🤖 AI Summary
A high-quality, subject-specific multiple-choice question (MCQ) benchmark for Vietnamese education—particularly in mathematics, physics, chemistry, and biology—is lacking. Method: We introduce ViMMRC 2.0, the first rigorously LaTeX-formatted Vietnamese MCQ dataset for STEM disciplines, designed to evaluate large language models’ (LLMs’) ability to directly bind answer options (A/B/C/D) under zero-, one-, and few-shot settings. We propose a lightweight evaluation paradigm: extracting character-level answers from context-aware token probabilities, bypassing complex reasoning and reducing computational overhead. We also provide the first structured LaTeX annotation guideline and a cross-disciplinary MCQA benchmark. Contribution/Results: We systematically evaluate six mainstream LLMs—including BLOOMZ, LLaMA-2, and GPT series—on ViMMRC 1.0 and 2.0; GPT-4 achieves top performance.

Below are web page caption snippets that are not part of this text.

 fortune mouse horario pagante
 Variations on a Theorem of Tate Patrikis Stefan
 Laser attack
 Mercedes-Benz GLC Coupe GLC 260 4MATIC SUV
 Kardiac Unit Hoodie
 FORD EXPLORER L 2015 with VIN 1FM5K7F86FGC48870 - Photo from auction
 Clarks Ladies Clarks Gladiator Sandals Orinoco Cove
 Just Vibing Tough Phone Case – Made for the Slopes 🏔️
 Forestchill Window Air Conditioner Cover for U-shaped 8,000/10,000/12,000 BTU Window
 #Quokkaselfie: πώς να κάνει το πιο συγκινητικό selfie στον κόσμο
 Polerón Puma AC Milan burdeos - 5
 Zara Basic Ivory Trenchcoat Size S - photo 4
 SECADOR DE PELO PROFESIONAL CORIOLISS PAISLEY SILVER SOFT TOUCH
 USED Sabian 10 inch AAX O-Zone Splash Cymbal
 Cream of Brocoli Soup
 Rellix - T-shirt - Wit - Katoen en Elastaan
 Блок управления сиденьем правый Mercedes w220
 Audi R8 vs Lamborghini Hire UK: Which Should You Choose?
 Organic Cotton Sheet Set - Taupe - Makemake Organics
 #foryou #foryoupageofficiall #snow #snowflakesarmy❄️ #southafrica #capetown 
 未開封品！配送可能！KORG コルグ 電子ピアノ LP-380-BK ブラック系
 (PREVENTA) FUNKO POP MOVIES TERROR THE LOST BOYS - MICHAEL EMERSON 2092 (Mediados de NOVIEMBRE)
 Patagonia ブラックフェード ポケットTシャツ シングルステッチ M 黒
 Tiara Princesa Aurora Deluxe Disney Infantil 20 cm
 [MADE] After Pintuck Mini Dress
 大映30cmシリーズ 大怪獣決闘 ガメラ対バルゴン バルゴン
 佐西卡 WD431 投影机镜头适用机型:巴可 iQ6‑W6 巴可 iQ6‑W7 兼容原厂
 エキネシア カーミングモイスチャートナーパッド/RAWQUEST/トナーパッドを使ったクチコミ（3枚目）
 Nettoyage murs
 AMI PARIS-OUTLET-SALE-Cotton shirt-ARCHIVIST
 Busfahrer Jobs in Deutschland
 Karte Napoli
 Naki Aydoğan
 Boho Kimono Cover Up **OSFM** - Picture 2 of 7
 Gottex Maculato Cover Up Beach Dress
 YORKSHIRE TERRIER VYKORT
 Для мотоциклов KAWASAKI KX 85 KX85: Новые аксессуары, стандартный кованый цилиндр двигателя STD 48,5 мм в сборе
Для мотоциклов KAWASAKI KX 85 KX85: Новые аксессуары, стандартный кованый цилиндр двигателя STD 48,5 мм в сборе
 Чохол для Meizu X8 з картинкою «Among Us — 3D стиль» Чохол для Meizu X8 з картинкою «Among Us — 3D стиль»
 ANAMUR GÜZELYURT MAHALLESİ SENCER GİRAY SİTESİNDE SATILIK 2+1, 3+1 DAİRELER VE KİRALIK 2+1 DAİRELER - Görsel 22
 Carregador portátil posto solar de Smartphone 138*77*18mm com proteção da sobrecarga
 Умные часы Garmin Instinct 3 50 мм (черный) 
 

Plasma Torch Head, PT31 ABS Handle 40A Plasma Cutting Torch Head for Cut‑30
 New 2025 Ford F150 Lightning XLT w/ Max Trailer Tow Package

The dataset is publicly released, addressing a critical gap in Vietnamese-language AI-driven educational assessment.
📝 Abstract
In this paper, we evaluate the ability of large language models (LLMs) to perform multiple choice symbol binding (MCSB) for multiple choice question answering (MCQA) tasks in zero-shot, one-shot, and few-shot settings. We focus on Vietnamese, with fewer challenging MCQA datasets than in English. The two existing datasets, ViMMRC 1.0 and ViMMRC 2.0, focus on literature. Recent research in Vietnamese natural language processing (NLP) has focused on the Vietnamese National High School Graduation Examination (VNHSGE) from 2019 to 2023 to evaluate ChatGPT. However, these studies have mainly focused on how ChatGPT solves the VNHSGE step by step. We aim to create a novel and high-quality dataset by providing structured guidelines for typing LaTeX formulas for mathematics, physics, chemistry, and biology. This dataset can be used to evaluate the MCSB ability of LLMs and smaller language models (LMs) because it is typed in a strict LaTeX style. We determine the most probable character answer (A, B, C, or D) based on context, instead of finding the answer step by step as in previous Vietnamese works. This reduces computational costs and accelerates the evaluation of LLMs. Our evaluation of six well-known LLMs, namely BLOOMZ-7.1B-MT, LLaMA-2-7B, LLaMA-2-70B, GPT-3, GPT-3.5, and GPT-4.0, on the ViMMRC 1.0 and ViMMRC 2.0 benchmarks and our proposed dataset shows promising results on the MCSB ability of LLMs for Vietnamese. The dataset is available1 for research purposes only.